But here was no wild voice singing; only at the foot of a low door Meraud saw white fingers that writhed, and a piece of a cheek that lay on the stone, and a voice that called, “Pity, pity, pity,” from under the door. But the stout gaoler had none, for he lifted his boot and trampled and kicked at the fingers and laughed at the scream that followed, as a boy will laugh that stamps on a toad. Meraud had stern words ready on her tongue, but like a coward she forbore, saying to herself, “If I anger him now, he will make Estercel pay for it.”
The next stairs were of the same width, with narrower steps, on which only half the foot at once had leave to rest. As he was preparing to descend, the gaoler took the oil lamp off its nail.
“Take it, your Worship,” said he to Meraud; “it is very dark below in the pit.”

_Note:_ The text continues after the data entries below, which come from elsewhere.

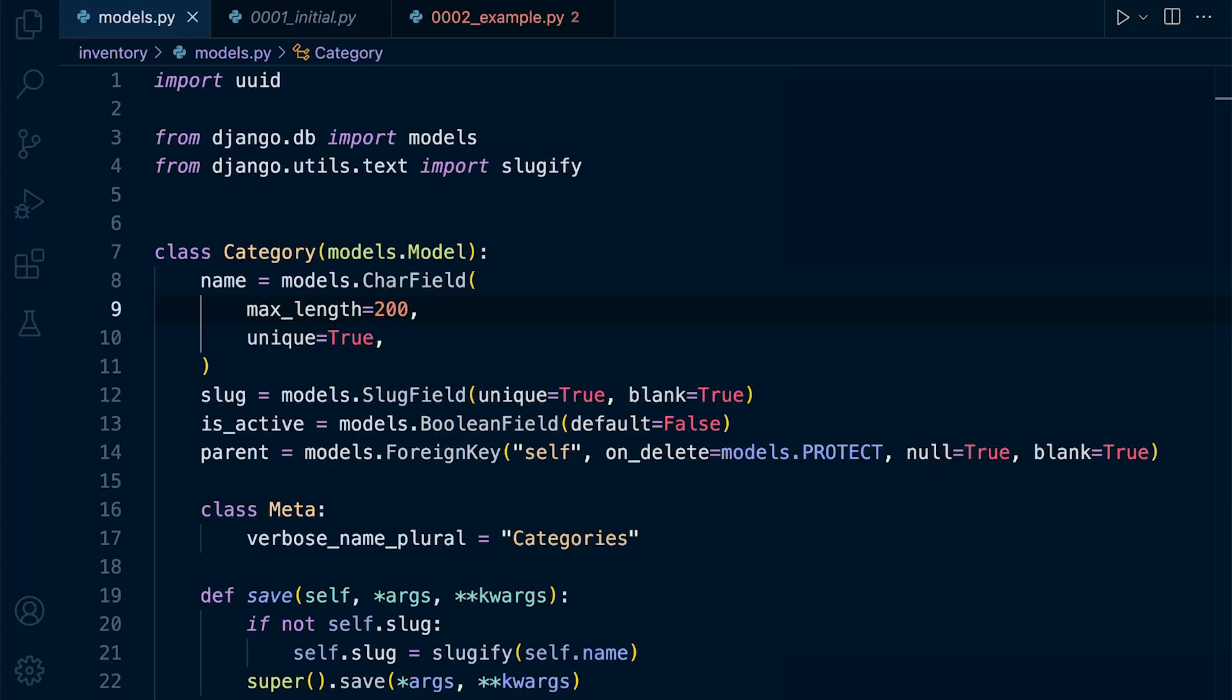Now, this is a very interesting concept. The ability to be able to define changes within our models file and then for Django to actually then be able to determine what type of operations are required to perform those changes on the database.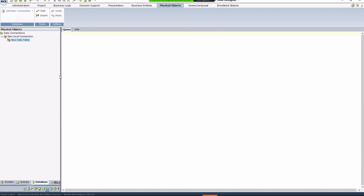To read everything, type select, asterisk, and your sheet name as it appears in the file, followed by a dollar sign, in square brackets. Note that this is case sensitive.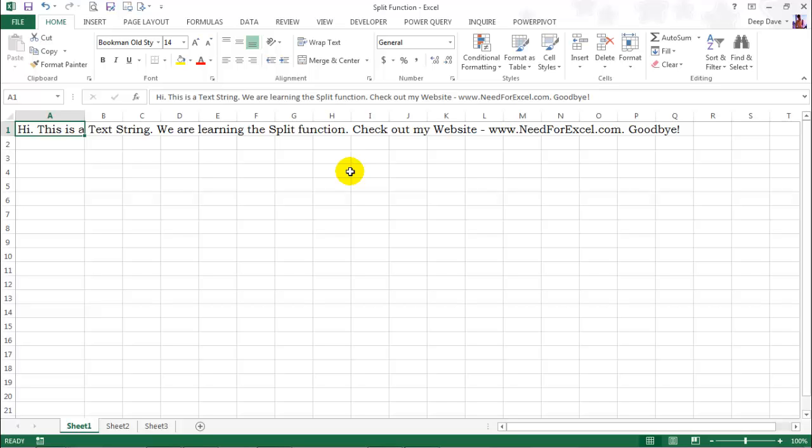Hi and welcome back to the Need for Excel YouTube channel. Today we will take a look at the split function. Split is a VBA function and as its name suggests, it is used to split a text string.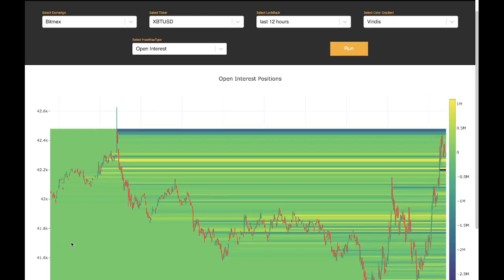Hello everyone, welcome back to another tutorial video on Highblock. In today's video, we will be covering Highblock's Net Position Heatmap tool.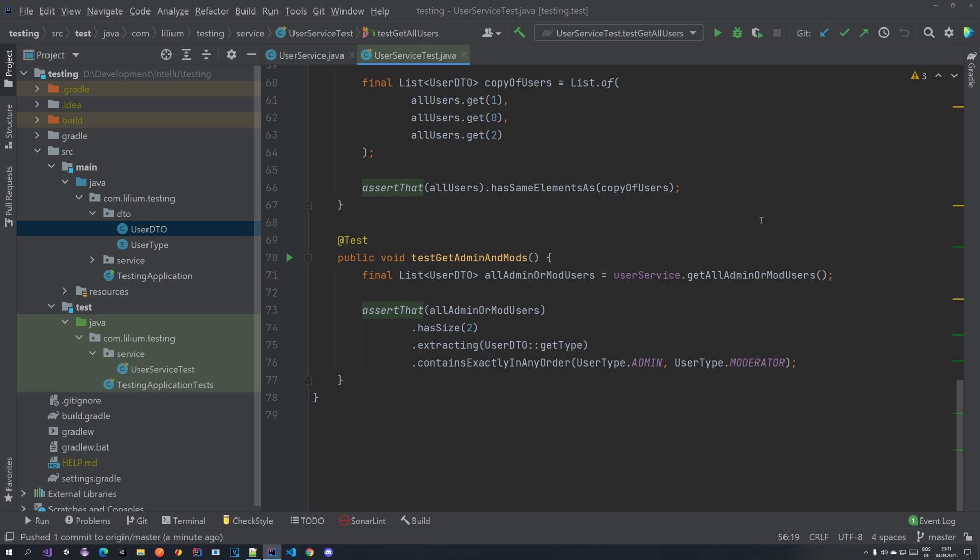Hello everyone and welcome back to another video in our Testing with Spring Boot tutorial series. In this video we are going to be talking about how we can change the descriptions of errors when our test fails, and also how we can handle exceptions in tests. So let's just get straight into it.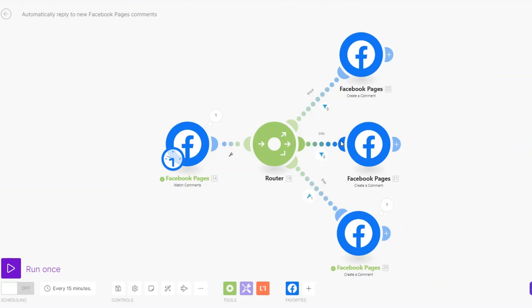This is a simple automation you can set up right now to automatically reply to new Facebook page comments. If you have any automation in mind that you'd like me to create, just comment down below. Otherwise, thank you for watching and I'll see you in the next video. Goodbye.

Deeper and deeper down they went, winding their way by a close and narrow stair. At the foot of the steps, a passage slanted downward with a low roof, so low, that the little company were forced to bend their backs till they were near doubled in two. They stood at last upright on the brim of a circular pit. The depth of it was not great; no more, perhaps, than eight or nine feet below them. A great scuffling and squeaking of rats followed their entrance. The lanterns burned badly. Though they could hear a rattling of stones as the creatures ran to their holes, they could make out nothing of them by sight.
“Of all the places I have seen,” said Sir Henry Cuffe, “I like this the worst. I wish I were anywhere else. If I were to see the foul fiend himself sitting there below, I should say it was the very place for him.”

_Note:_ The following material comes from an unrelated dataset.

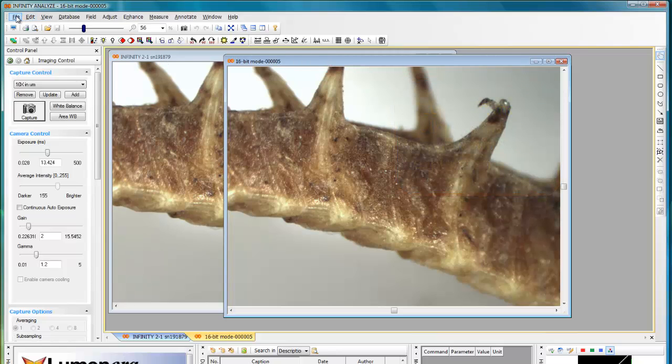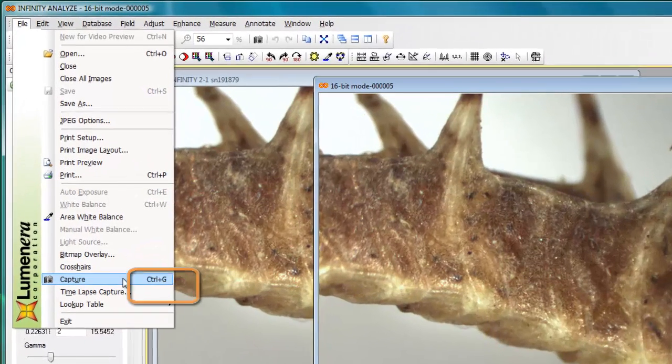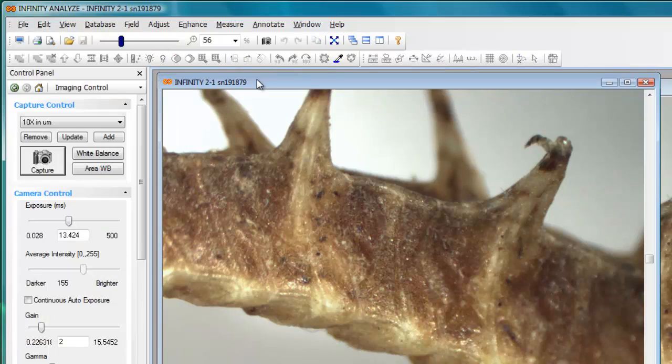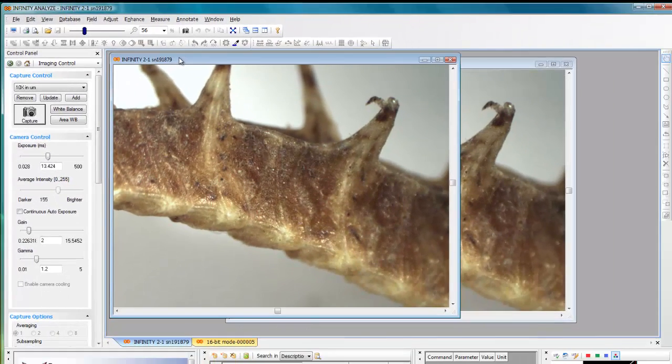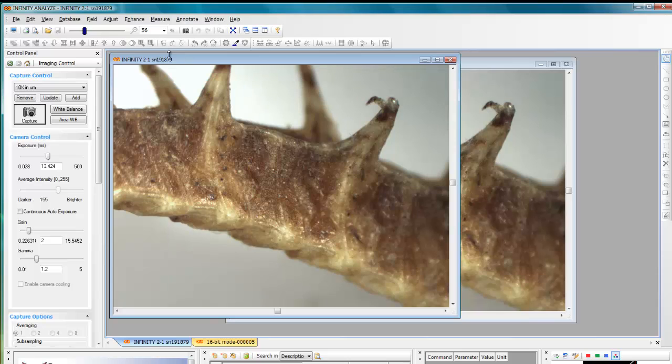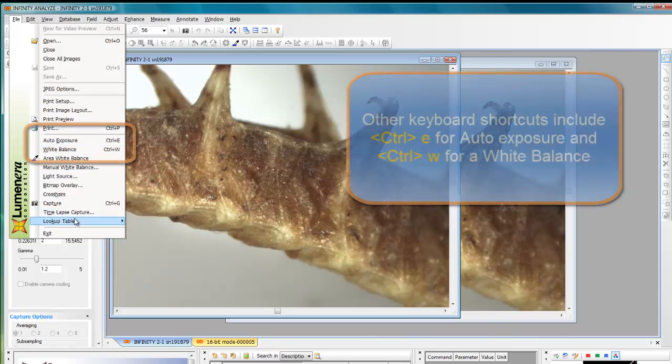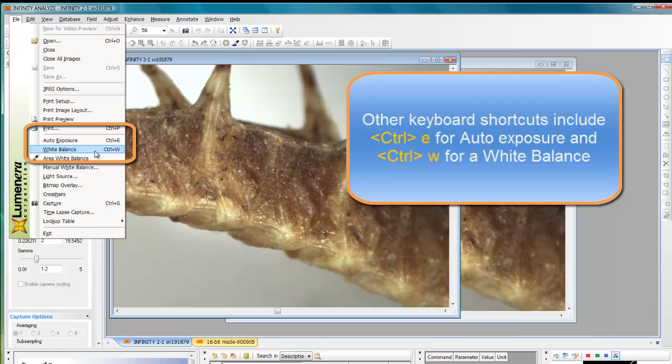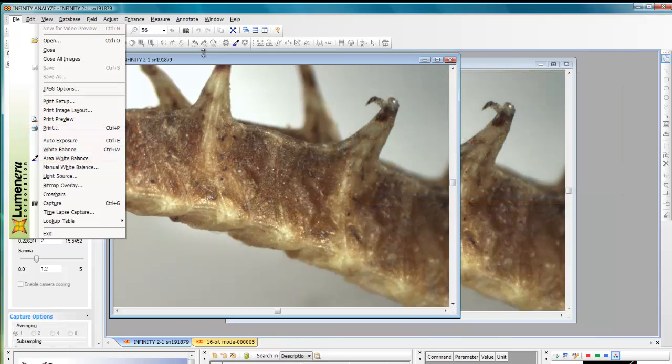The control G function, which is listed here and showed up as a tooltip, is important if you wanted to use your macros in conjunction with a foot switch. A programmable foot switch allows you typically to program a sequence of keyboard functions. So knowing that the control G will do the capture for you is important if you have a multi-button foot switch. You can also program in things like auto exposure with a control E or control W for a white balance.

“Nay, nay,” said the gaoler laughing, “he has a better place than this. He has a clean lodging, for what so clean as fire? This is the old cesspool of the castle. Yonder is the spot. Look, there is but a slight flooring of boards placed over the top, and that is rotten now and eaten away. A body has need of circumspection if he would not fall in; and to fall in is death.”
Meraud heard with her ears and took in the sense of what she heard, but her eyes and all her thoughts were busy hunting through those dark spaces for a sign of a living man. But there was none. Their own voices echoed from the low roof. The dead and poisonous air was completely still.
Sir Henry Cuffe turned away from the brink, utterly overcome. Meraud's fierce anxiety spurred her on.
“Where is the prisoner?” she asked. “I can see nothing at all.”
The gaoler stooped and lowered his lantern till a faint light lit the black floor below.
“There he is, safe enough and quiet enough,” said he. “Near gone by this, I expect. They are dying very quick here. One died here yesterday; but this one is rare and strong.”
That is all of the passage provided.